Desires for fatty foods and alcohol share a chemical trigger
By Steven Schultz
Princeton NJ -- A brain chemical that stokes hunger for food and fat also triggers thirst for alcohol and may play a role in chronic drinking, according to a study led by Princeton scientists.
The study showed that rats injected with galanin, a natural signaling agent in the brain, chose to drink increasing quantities of alcohol even while consuming normal amounts of food and water. The finding helps explain one of the mechanisms involved in alcohol dependence and strengthens scientists’ understanding of the neurological link between the desires for alcohol and food.
“There seems to be a cycle of positive feedback,” said Bartley Hoebel, co-author of a paper appearing in the December issue of Alcoholism: Clinical and Experimental Research. “Consumption of alcohol produces galanin, and galanin promotes the consumption of alcohol. That would perpetuate the behavior.”

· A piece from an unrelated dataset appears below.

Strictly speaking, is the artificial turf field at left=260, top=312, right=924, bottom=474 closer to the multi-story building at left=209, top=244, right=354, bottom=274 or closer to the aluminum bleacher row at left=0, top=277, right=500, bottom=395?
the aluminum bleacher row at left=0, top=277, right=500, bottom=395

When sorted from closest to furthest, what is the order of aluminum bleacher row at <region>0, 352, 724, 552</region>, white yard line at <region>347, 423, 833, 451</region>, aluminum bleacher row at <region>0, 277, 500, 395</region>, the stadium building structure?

“Alcohol is the only drug of abuse that is also a calorie-rich food, and it undoubtedly has important interactions with systems that control food intake and nutrition...”

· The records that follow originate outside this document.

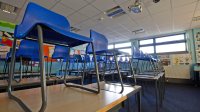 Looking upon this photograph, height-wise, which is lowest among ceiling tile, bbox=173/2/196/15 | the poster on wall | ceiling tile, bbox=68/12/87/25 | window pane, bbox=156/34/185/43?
the poster on wall

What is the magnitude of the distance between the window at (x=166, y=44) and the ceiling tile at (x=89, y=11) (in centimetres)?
456

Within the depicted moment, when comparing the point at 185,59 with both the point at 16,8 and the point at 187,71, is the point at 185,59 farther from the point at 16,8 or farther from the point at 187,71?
the point at 16,8

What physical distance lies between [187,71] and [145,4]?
13.3 ft

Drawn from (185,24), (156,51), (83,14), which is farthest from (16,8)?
(156,51)

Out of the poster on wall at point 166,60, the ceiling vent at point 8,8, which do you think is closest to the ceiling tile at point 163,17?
the poster on wall at point 166,60

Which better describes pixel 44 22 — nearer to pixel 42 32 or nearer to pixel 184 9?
pixel 42 32

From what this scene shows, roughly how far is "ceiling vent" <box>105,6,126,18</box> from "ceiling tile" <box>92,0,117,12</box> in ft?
0.71

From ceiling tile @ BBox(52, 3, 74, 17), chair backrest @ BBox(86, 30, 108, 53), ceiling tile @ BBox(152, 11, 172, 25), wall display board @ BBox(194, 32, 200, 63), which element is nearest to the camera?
chair backrest @ BBox(86, 30, 108, 53)

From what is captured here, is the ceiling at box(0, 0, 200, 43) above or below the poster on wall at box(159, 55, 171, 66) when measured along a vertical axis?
above

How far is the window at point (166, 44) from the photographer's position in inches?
235

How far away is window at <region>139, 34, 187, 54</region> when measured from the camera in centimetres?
598

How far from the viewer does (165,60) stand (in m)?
5.96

The research was conducted by Michael Lewis, a visiting research fellow in Hoebel’s lab, in collaboration with Hoebel, a professor of psychology; Deanne Johnson, a research staff member; Daniel Waldman, a senior undergraduate; and Sarah Leibowitz, a neurobiologist at Rockefeller University.
Galanin, a kind of small protein fragment called a neuropeptide, had previously been shown to play a role in appetite, particularly for fatty foods. Consumption of fat causes a part of the brain called the hypothalamus to produce more galanin, which, in turn, increases the appetite for fat. In a healthy person, however, there are counteracting signals that break this loop, said Hoebel.
In animals given galanin and access to alcohol, the role of the chemical appeared to be subverted: It boosted alcohol intake instead of eating. The effect was especially noticeable during daylight hours, when the nocturnal animals normally do not eat and drink much. Those given galanin drank alcohol during the day, but did not consume any more food or water than normal.
“Alcohol is the only drug of abuse that is also a calorie-rich food, and it undoubtedly has important interactions with systems that control food intake and nutrition,” said Lewis, who is also a senior fellow of the National Institute on Alcohol Abuse and Alcoholism (NIAAA).
When the animals were given a drug that blocked the effects of galanin, they maintained normal eating and drinking habits. This observation helps confirm the conclusion that galanin affects alcohol consumption and also suggests the possibility of someday creating a drug that blocks galanin in order to fight alcoholism. However, Hoebel noted that such an achievement would be a long way off, because it is hard to make drugs that cross from the blood into the brain and interact with neuropeptide receptors. In addition, galanin plays many roles in other parts of the brain, which could be adversely affected by trying to block its effects related to food or alcohol.
The researchers plan to explore further the role of galanin and other neuropeptides in alcohol use, as well as the role of fat intake and metabolism on alcohol intake.
The research was funded by the NIAAA and by the Minnie & Bernard Lane Foundation and Edward Lane Foundation.